Is there a non-Gorenstein ring but locally Gorenstein? A commutative noetherian ring $R$ is Gorenstein if $R$ has finite injective dimension.
Obviously, if $R$ is Gorenstein, then $R$ localized at any prime ideal $P$ is also Gorenstein. But I don't know whether the converse holds?
 A: In all of the standard references I know, Gorenstein is either only defined for local rings or a not necessarily local ring is defined to be Gorenstein if all of its localizations at maximal ideals are Gorenstein (which implies that its localizations at all prime ideals are Gorenstein).  So I am guessing you really want to ask: is there a commutative Noetherian ring $R$ all of whose localizations have finite injective dimension but such that $R$ itself does not?
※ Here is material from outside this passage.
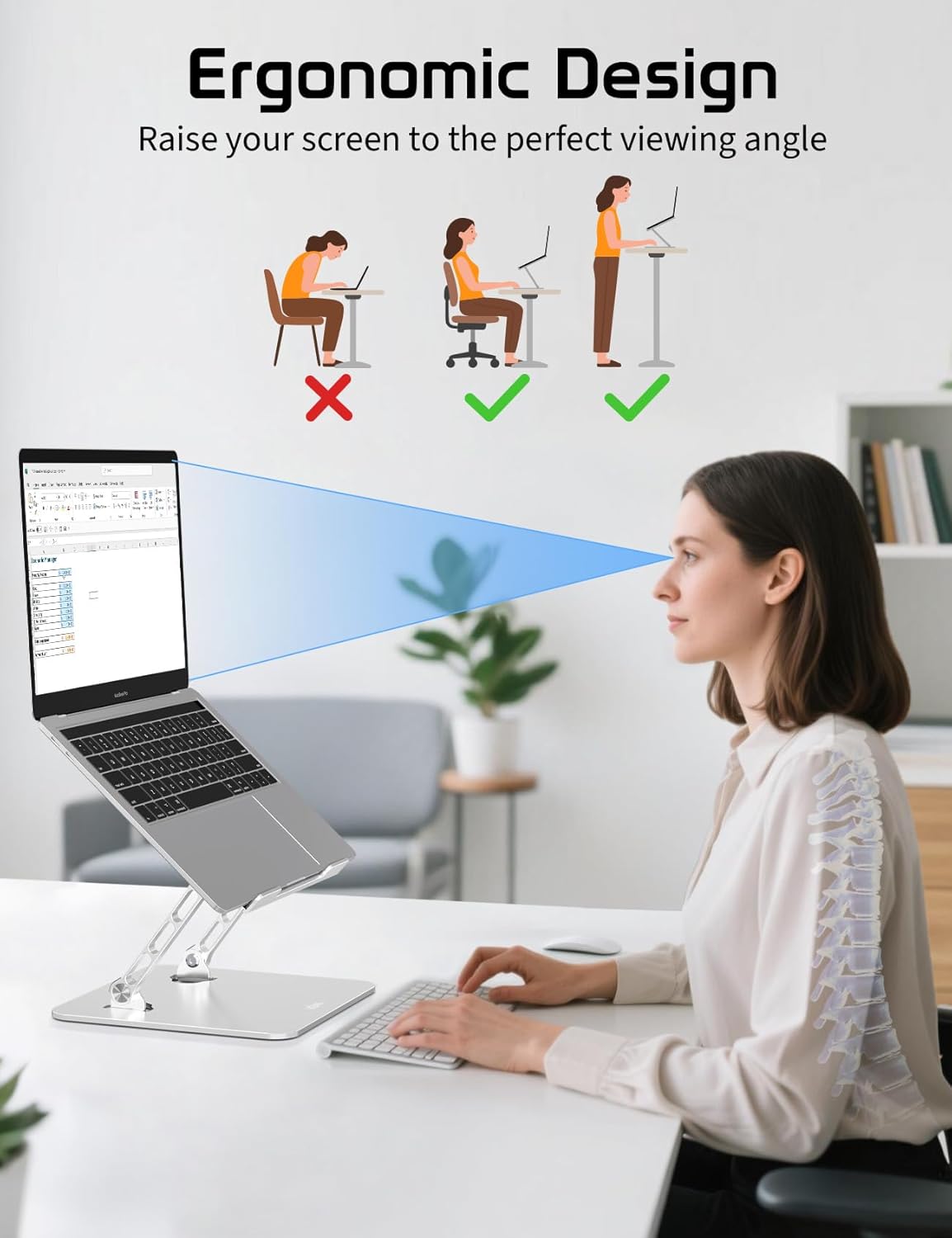 Aluminum Laptop Stand for Desk – Adjustable Ergonomic Laptop Riser, Foldable & Portable Holder Fit for MacBook & 10"-16" Laptops for Office, Home & Travel,Purple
I believe that the answer is "yes" and that a counterexample is given by Nagata's (in)famous example of a Noetherian ring of infinite Krull dimension.  See (5.96) in Lam's Lectures on modules and rings for an explanation why Nagata's example is regular, hence locally Gorenstein, i.e., locally of finite injective dimension.  
Furthermore, the proof of the Theorem at the bottom of p. 7 of 
http://www.math.hawaii.edu/~lee/homolog/Goren.pdf
states that the injective dimension of a ring is the supremum of the injective dimensions of its local rings $R_{\mathfrak{m}}$.   In this case each $R_{\mathfrak{m}}$ is regular, hence Gorenstein, hence its injective dimension is simply equal to its Krull dimension, i.e., to the height of $\mathfrak{m}$.  It follows that the injective dimension of $R$ itself is infinite.  
Conversely, Lee's handout contains a proof that the answer is "no" if $R$ is Noetherian of finite Krull dimension.